President Trump has confirmed, in an interview airing Sunday night with the British journalist and animal advocate Piers Morgan, that he has directed his administration to ban the import of hunting trophies from African elephants and other rare wildlife from Zimbabwe and Zambia. Trump’s commitment, the best single action he’s taken on animal welfare during his term in office, contradicts the maneuver, according to the president, “from a very high level government person” to resume imports of hunting trophies and give the green light to American hunters to target these animals. The president called the decision by that individual “terrible.”
In November, after Trump learned about a U.S. Fish and Wildlife Service decision to allow imports of tusks and heads of elephants and lions from two African countries, he called for putting a hold on the decision, calling trophy hunting of elephants and other animals “a horror show.” His declaration to Piers Morgan airing today confirms that he’s sticking with his initial decision. In December, a U.S. Court of Appeals held that the process the Fish and Wildlife Service used to authorize the imports of elephants and lions from Zimbabwe and Zambia was invalid, and The HSUS has filed a lawsuit to ensure that those decisions are taken off the books.
“I didn’t want elephants killed and stuffed and have the tusks brought back into this [country] and people can talk all they want about preservation and all of the things that they’re saying where money goes towards ― well, money was going ― in that case, going to a government which was probably taking the money, OK?,” the president said in comments first obtained and reported by The Huffington Post.
African elephants and African lions are protected under the provisions of the Endangered Species Act, and their populations have been in steep and steady decline, as a consequence of a variety of human-caused factors, including trade in the parts of these animals. The primary tool the U.S. Fish and Wildlife Services invokes to influence outcomes on the ground for foreign-listed species under the authority of the Endangered Species Act is to restrict imports of parts of animals into the United States. In short, if American trophy hunters cannot import the heads, tusks, and hides of the animals, they are unlikely to kill them in the first place.

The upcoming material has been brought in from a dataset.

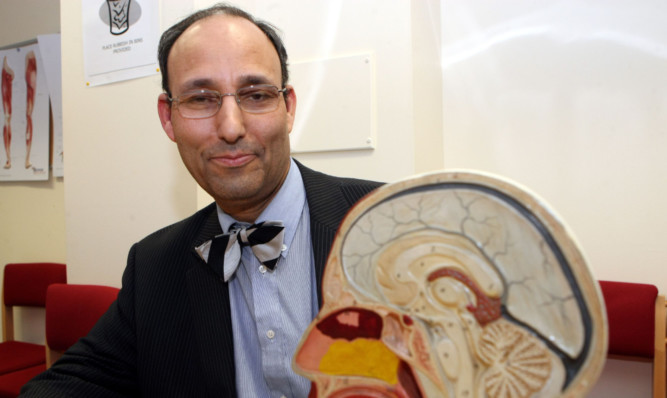 Photo shows Sam Eljamel next to a model of a human skull and brain.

Keeping elephants and lions alive is a key to economic progress in so many African nations. Millions of tourists trek to natural areas throughout Africa to see elephants, lions, and the extraordinary wildlife on the continent, collectively contributing billions to the economies of wildlife-rich nations. Trophy hunters, who are dramatically fewer in number than wildlife watchers, generate minuscule dollars in relative terms. What’s more, trophy hunting robs these nations of their greatest resources, diminishing the wildlife-watching experiences of so many tourists. Any U.S. sanctioning of trophy hunting sends a particularly contradictory message at a time when the world has been rallying to save elephants and lions.

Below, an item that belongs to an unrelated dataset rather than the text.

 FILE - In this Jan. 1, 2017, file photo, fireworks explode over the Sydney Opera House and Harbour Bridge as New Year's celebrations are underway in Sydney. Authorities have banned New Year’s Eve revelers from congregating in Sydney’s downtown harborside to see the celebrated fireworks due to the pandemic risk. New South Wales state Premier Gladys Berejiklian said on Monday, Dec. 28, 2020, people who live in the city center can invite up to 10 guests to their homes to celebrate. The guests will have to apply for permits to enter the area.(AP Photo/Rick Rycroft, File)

A number of African nations, including Botswana, Kenya, and Rwanda, ban all trophy hunting.
In early December 2017, The HSUS commissioned a national survey of American attitudes, revealing that by a margin of more than five to one, respondents oppose allowing American trophy hunters to import tusks and heads into the United States. The survey showed that 78 percent of American voters oppose elephant and lion imports, with 15 percent taking a contrary view. Those trophy imports are opposed by 76 percent of Republicans, 84 percent of Democrats, and 75 percent of non-partisan voters.
The U.S. Fish and Wildlife Service should heed sentiment and science and formally prohibit such imports for elephant, lions, leopards, and other threatened and endangered species across the board. We hope the Trump administration will forbid elephant and lion imports from all other African countries where American trophy hunters kill these animals for their tusks, and that includes Cameroon, Mozambique, Namibia, South Africa, and Tanzania.
We don’t allow trophy hunting of threatened or endangered species living in the United States, and there’s no logical reason to recognize it and enable it as a tool for dealing with foreign-listed threatened and endangered species.
Our intolerance for animal cruelty, especially when it is purposeful, wasteful, and done for boastful, selfish purposes like trophy hunting and dogfighting, is an American characteristic that binds us together as a nation and is something we should be proud of. President Trump has keenly tapped into this American value by imposing a ban on the imports of trophy-hunted elephants and lions from two countries, and we hope that’s just a start.